Pyro did not arrive as a ceremonial addition. After two months of intensive training, the new explosive-detection K-9 went straight into patrol support with the Clark County Sheriff’s Office, paired with Deputy Brandon Baldwin, who earned state certification alongside the dog.

The department said Pyro is trained in explosive detection, article searches and human tracking, a mix that gives the dog more range than a single-purpose bomb-sniffing assignment. In Clark County, where wooded stretches and rural terrain can slow ground searches, that kind of nose work can matter quickly when someone is lost or in distress. It also fits the sheriff’s office’s broader K-9 mission, which answers calls for service daily and is already used for public demonstrations, tracking dangerous armed suspects and detecting illegal substances.

AI-generated illustration
AI-generated illustration

Sheriff Christopher Clark, a 28-year law-enforcement veteran who joined the office in 1997, has built much of his career through patrol, jail administration, training, professional standards and special operations. Under his leadership, the sheriff’s office said the K-9 program continues to expand, with Pyro and Baldwin adding another layer to a unit that already functions as a practical field tool rather than a specialty side project.

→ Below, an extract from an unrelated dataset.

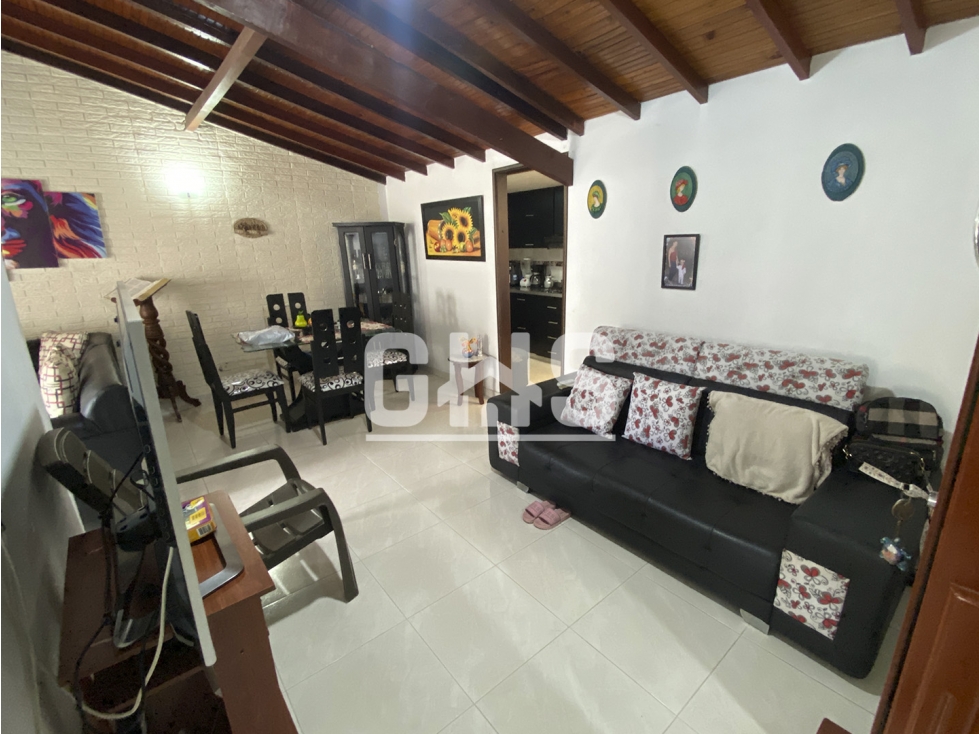 SE VENDE CASA EN BARRIO VILLA ELENA CARTAGO — foto 2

The deployment is especially significant in Mad River Township. The sheriff’s office has a contract to permanently assign Baldwin there, which means Pyro’s first patrols are tied to a standing county assignment, not a temporary showcase. From there, the team will also assist other agencies across the Miami Valley, reinforcing the way K-9 units often work as regional resources when fast scent work is needed.

Clark County has seen the value of that capability before. In September 2024, Springfield City Hall and other county buildings were evacuated after a bomb threat, and explosive-detecting canines were brought in to clear the facilities. That kind of response helps explain why a trained dog like Pyro is more than a local asset. It is part of a broader public-safety network that can move from patrol to search work to explosive detection without missing a step.

Ohio has been adding similar specialized dogs elsewhere, including Columbus Division of Fire’s 2024 explosive-handlers graduation, and the State Fire Marshal’s explosive detection dog Dodger, who completed nearly 1,500 missions before dying in 2022. Against that backdrop, Pyro’s move into patrol support in Clark County lands as a very practical step: a high-drive working dog, trained hard and put to work immediately, with Baldwin at the leash and Mad River Township as the first stop.